Suppose the following request is created
- req1: Waiting
- op1: Waiting
- LFN1:Waiting
- LFN2: Waiting
- op2: Waiting
- LFN1: Waiting
- LFN2:Waiting
If the Op1 fails for LFN1, but succeeds for Op2, we will have the following
- req1: Failed
- op1: Failed
- LFN1:Failed
- LFN2: Done
- op2: Waiting
- LFN1: Waiting
- LFN2:Waiting
if you then call getRequestFileStatus, you will get:
LFN1: Failed
LFN2: Waiting
And that's the best it can do really.
The problem then is when updating the FileTask status:
https://github.com/DIRACGrid/DIRAC/blob/1cd1173303b177dbfe44ede43d18d25514713301/src/DIRAC/TransformationSystem/Client/RequestTasks.py#L374-L378
We do not take into account the case of LFN2.

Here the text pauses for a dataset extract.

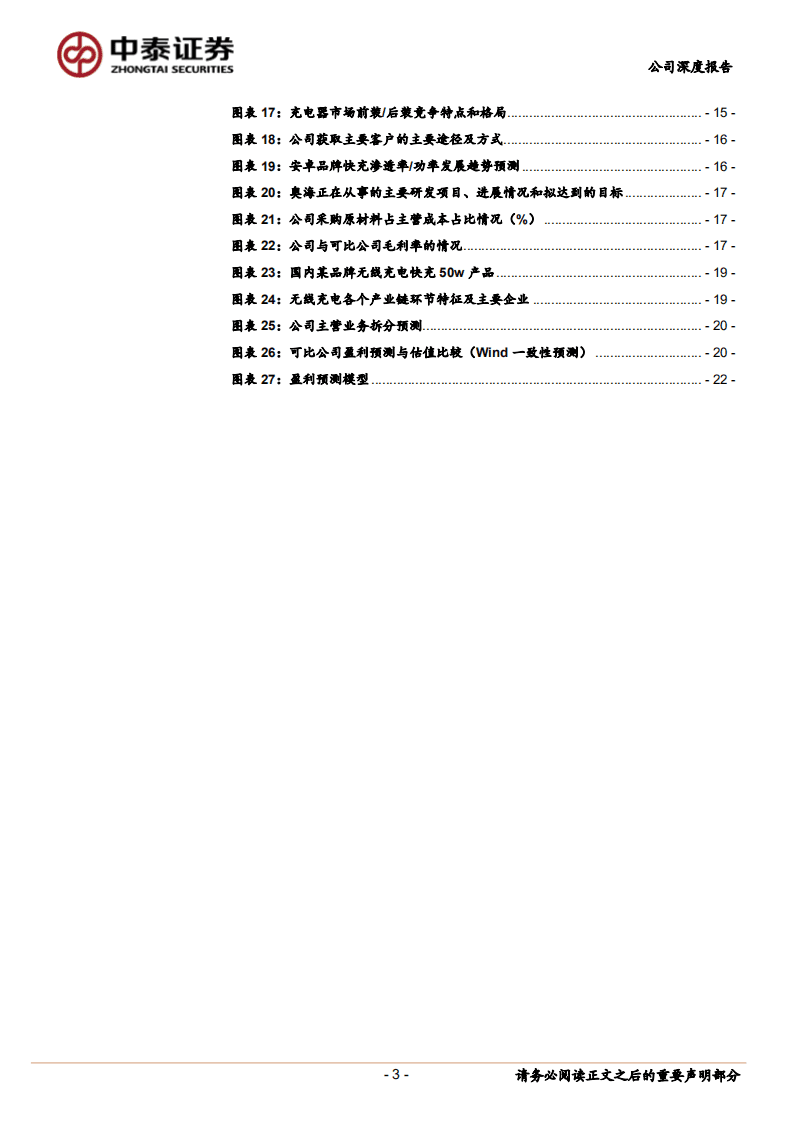 奥海科技-受益快充爆发弹性标的-20200910.pdf 第3页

It is very hard to know what to do. The Request is in a final state (it will never change anymore), but the file is not (it only went half way through the process it has to follow).
Setting it Problematic is maybe an option...

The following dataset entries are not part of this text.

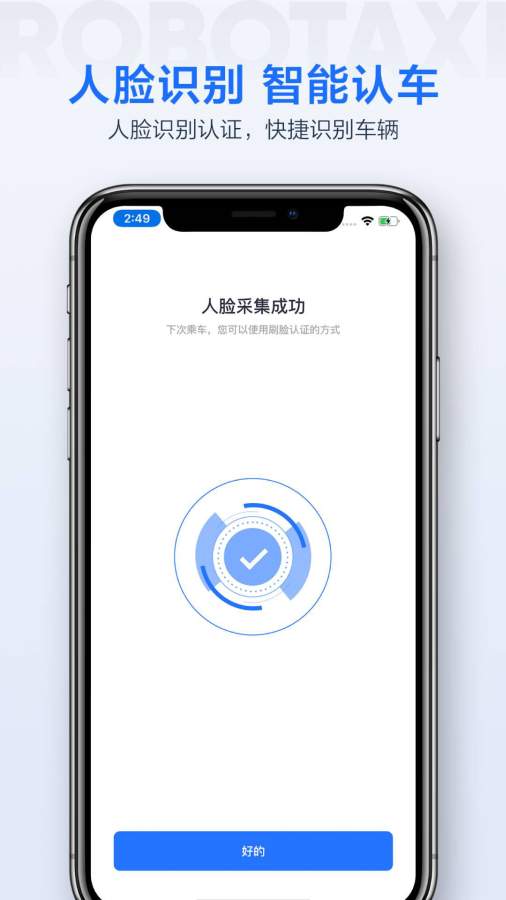 百度蘿卜快跑app正式版截圖1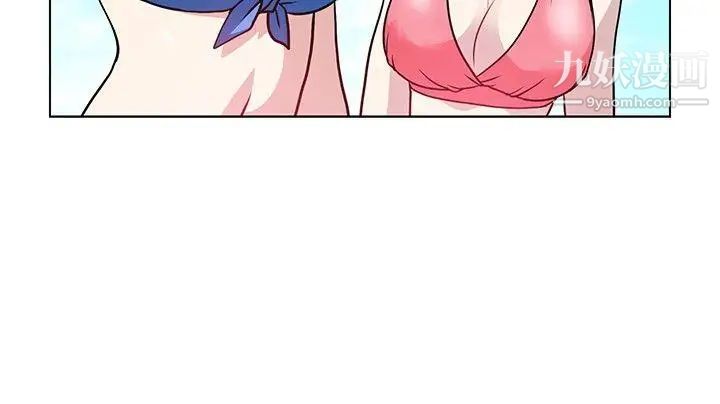 要交換嗎?第5話-奇怪的感覺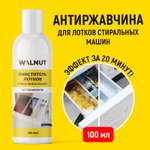 Очиститель для чистки лотков WALNUT 100 мл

I think more and more that whenever we have a Transformation with multiple operations per request, we should have a flag saying whether the requests are reentrant or not (i.e. can you re-run them from the beginning at any point in time). If they are not, even resetting task should be forbidden.
Opinion @andresailer ?
@sfayer @marianne013 as you start using the TS, you may have opinion too ?
I don't think that a file in (RMS) status Waiting should be set as TransformationFilesStatus.PROBLEMATIC: it just feels wrong.
I think we should instead check what is the status of the request first, and if failed set all files to TransformationFilesStatus.PROBLEMATIC
That's not correct either. Of course, we should take the request status into consideration. But some files can be properly finished, and some not. So setting everything to problematic is not good. The real question is what to do with the files that are only half way through.
I don't see any other option but setting TransformationFilesStatus.PROBLEMATIC those files that are in RMS status Waiting for which the request is in status Failed.
I think this is the correct thing to do in general. The problem is the requests might not be re-entrant. And in this case, we need to fix the request itself, not just resetting the task. That's why I am thinking of adding this safety flag
@andresailer another ping
Sorry, I don't really have an opinion here. Anything that makes things more fault tolerant sounds good!
I add an extra case here. Hopefully this issue will (soon) consolidate into unit tests, and possibly a fix
- req1: Waiting
- op1: Waiting
- LFN1:Done
- LFN2: Waiting
- op2: Done
- LFN1: Done
- LFN2:Done
Both LFN1 and LFN2 will be considered Done, while in fact only LFN1 is.
This is the sort of things that happens constantly with replicateAndRegister. It went unnoticed until now as the registration always worked, but it is absolutely possible that a file was marked as processed while it wasn't yet registered.